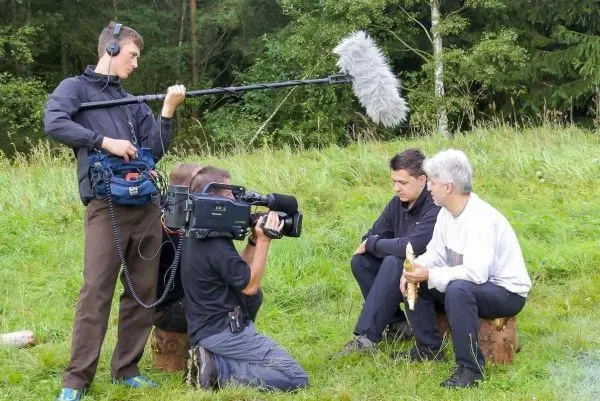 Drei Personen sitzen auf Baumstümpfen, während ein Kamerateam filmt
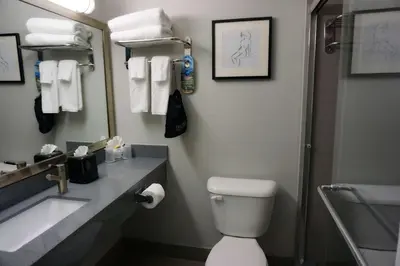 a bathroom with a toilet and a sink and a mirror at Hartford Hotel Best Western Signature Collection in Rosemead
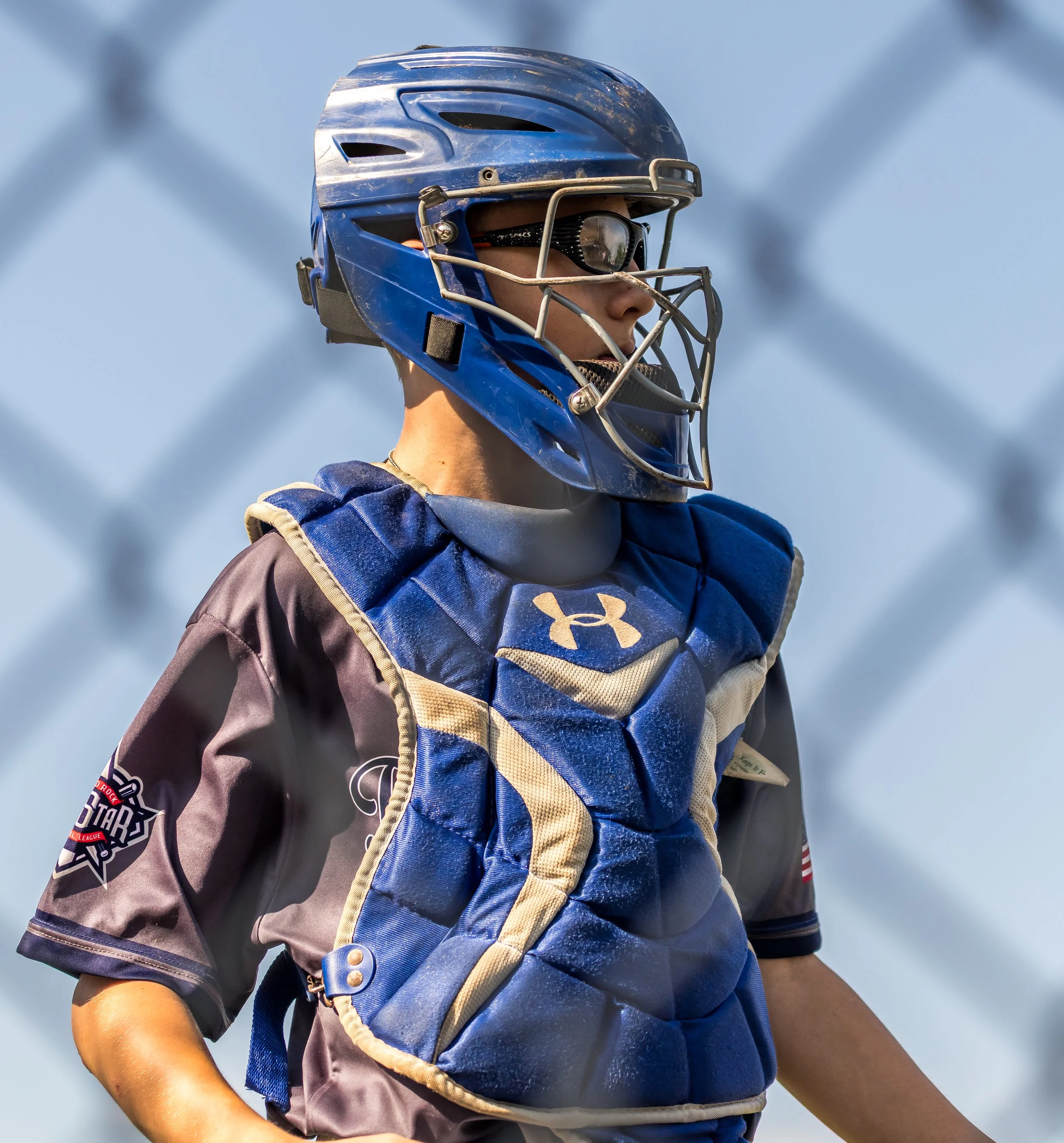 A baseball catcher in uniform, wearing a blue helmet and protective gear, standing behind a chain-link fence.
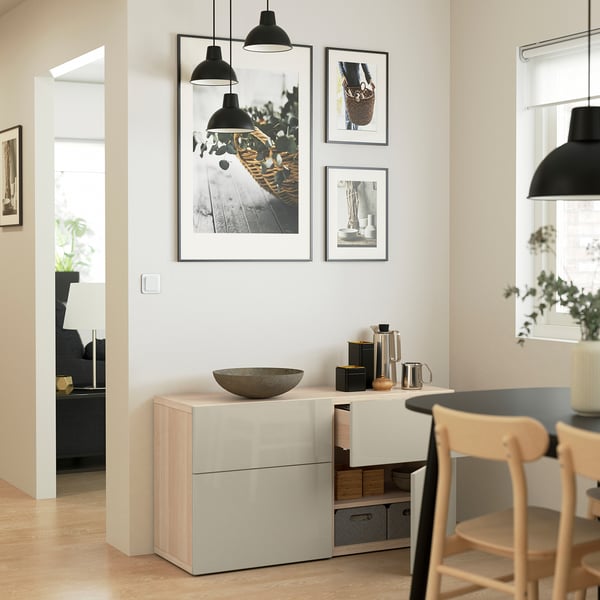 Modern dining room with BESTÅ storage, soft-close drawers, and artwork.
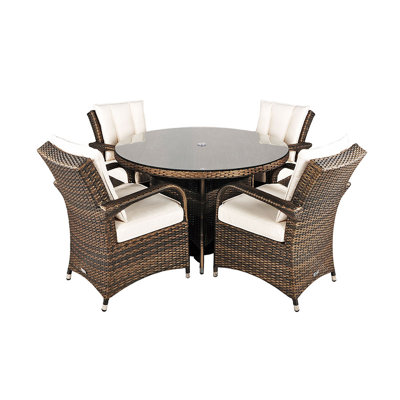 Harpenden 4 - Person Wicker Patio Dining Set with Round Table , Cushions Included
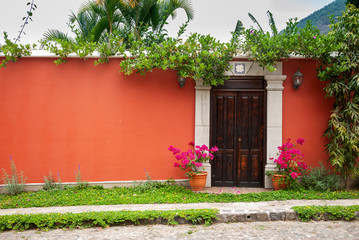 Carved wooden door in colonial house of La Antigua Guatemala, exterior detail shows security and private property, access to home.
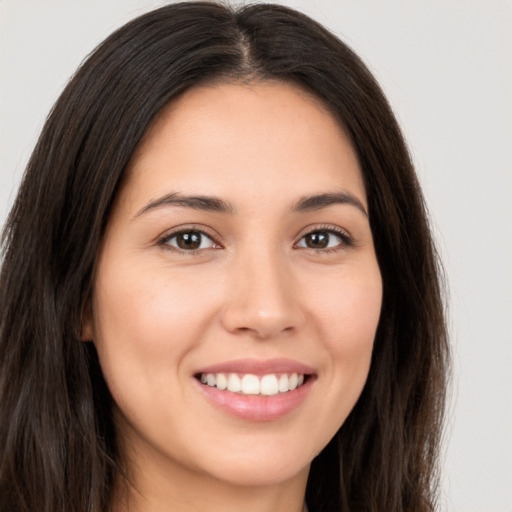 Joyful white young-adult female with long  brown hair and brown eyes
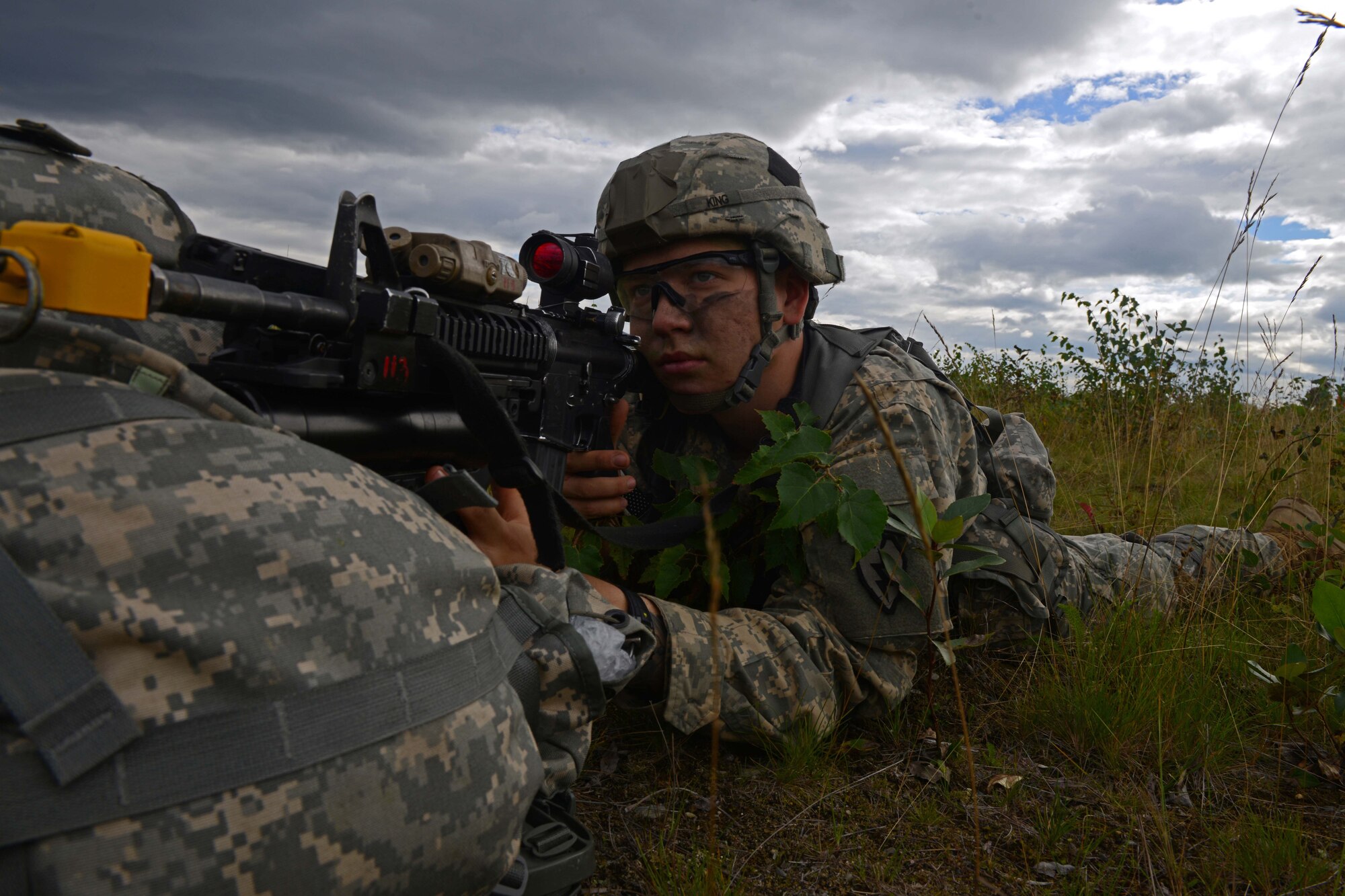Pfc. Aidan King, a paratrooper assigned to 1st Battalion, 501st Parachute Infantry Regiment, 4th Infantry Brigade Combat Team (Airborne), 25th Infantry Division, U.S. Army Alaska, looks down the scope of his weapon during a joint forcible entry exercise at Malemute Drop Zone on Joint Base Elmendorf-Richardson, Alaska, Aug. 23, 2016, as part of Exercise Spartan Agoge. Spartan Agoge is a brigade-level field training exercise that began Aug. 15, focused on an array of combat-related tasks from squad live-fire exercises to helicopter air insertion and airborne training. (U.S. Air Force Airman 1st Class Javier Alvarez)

-=-=-

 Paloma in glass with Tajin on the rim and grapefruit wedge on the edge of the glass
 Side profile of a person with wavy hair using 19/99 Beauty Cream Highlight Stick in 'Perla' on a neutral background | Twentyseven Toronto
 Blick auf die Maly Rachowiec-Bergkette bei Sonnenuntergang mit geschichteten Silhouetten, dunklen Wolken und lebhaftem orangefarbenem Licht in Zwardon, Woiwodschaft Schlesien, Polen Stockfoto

-=-=-

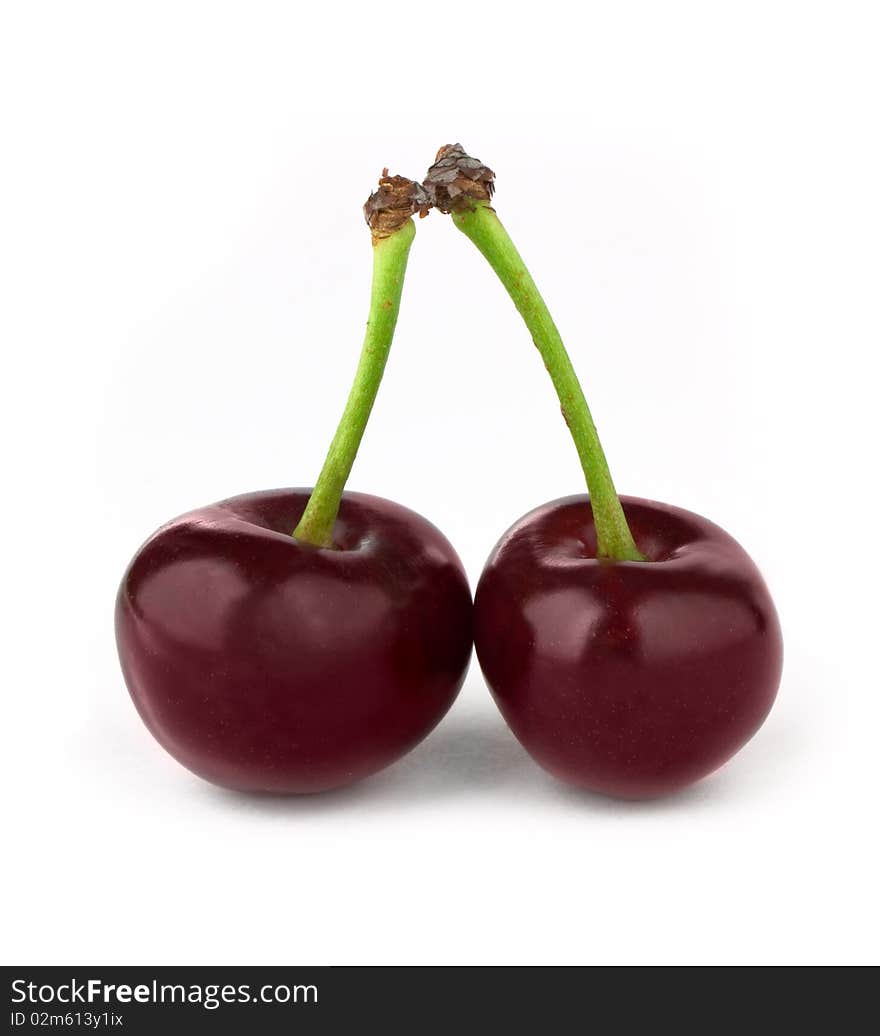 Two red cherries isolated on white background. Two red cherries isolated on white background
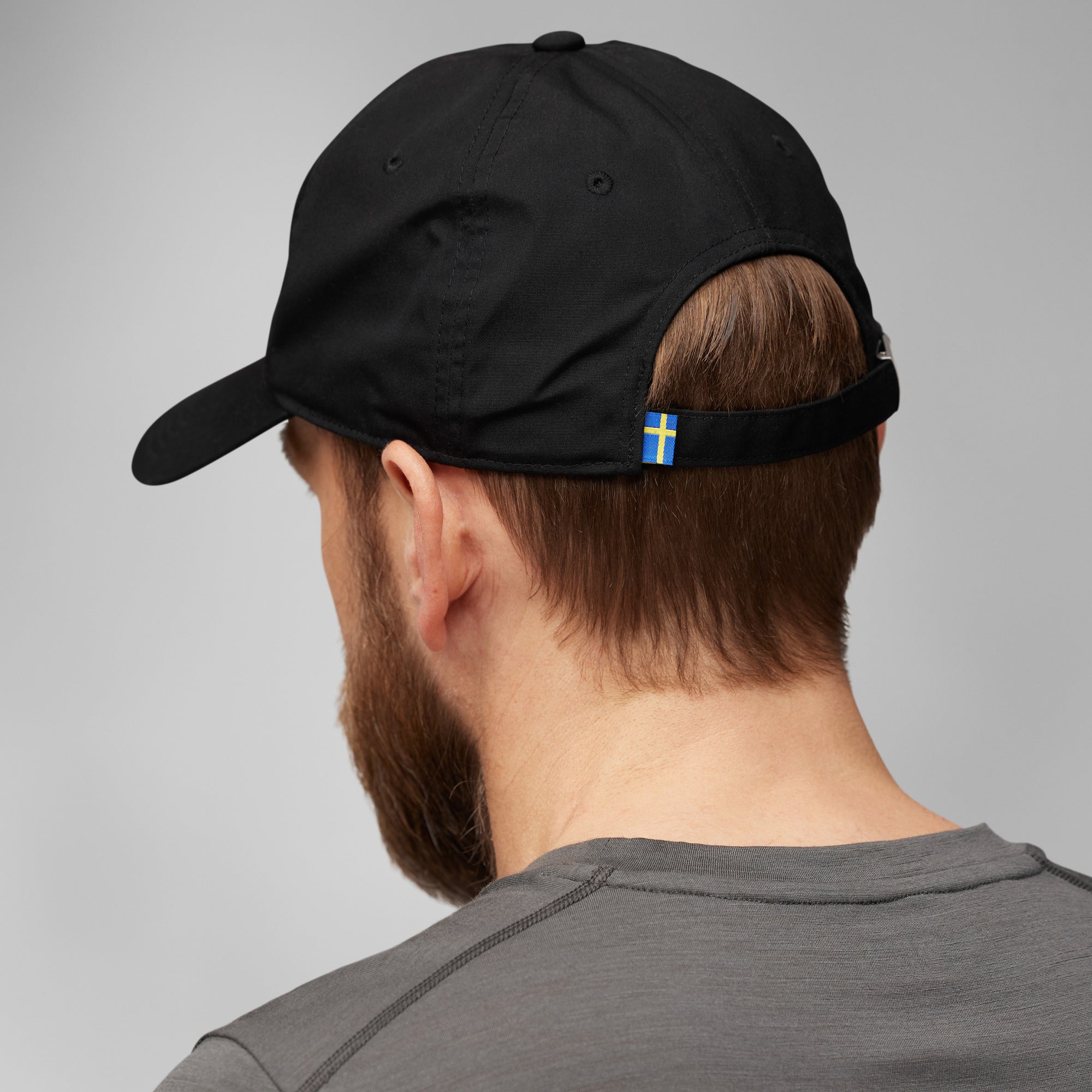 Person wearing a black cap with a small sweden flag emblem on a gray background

-=-=-

** Problem **
In the listing above, find the line with "Modern dining room" and the line with "Pfc. Aidan King, a". Copy exactly those two and every line between, without the pictures.

** Exercise solution **
 Modern dining room with BESTÅ storage, soft-close drawers, and artwork.
 Harpenden 4 - Person Wicker Patio Dining Set with Round Table , Cushions Included
 Carved wooden door in colonial house of La Antigua Guatemala, exterior detail shows security and private property, access to home.
 Joyful white young-adult female with long  brown hair and brown eyes
Pfc. Aidan King, a paratrooper assigned to 1st Battalion, 501st Parachute Infantry Regiment, 4th Infantry Brigade Combat Team (Airborne), 25th Infantry Division, U.S. Army Alaska, looks down the scope of his weapon during a joint forcible entry exercise at Malemute Drop Zone on Joint Base Elmendorf-Richardson, Alaska, Aug. 23, 2016, as part of Exercise Spartan Agoge. Spartan Agoge is a brigade-level field training exercise that began Aug. 15, focused on an array of combat-related tasks from squad live-fire exercises to helicopter air insertion and airborne training. (U.S. Air Force Airman 1st Class Javier Alvarez)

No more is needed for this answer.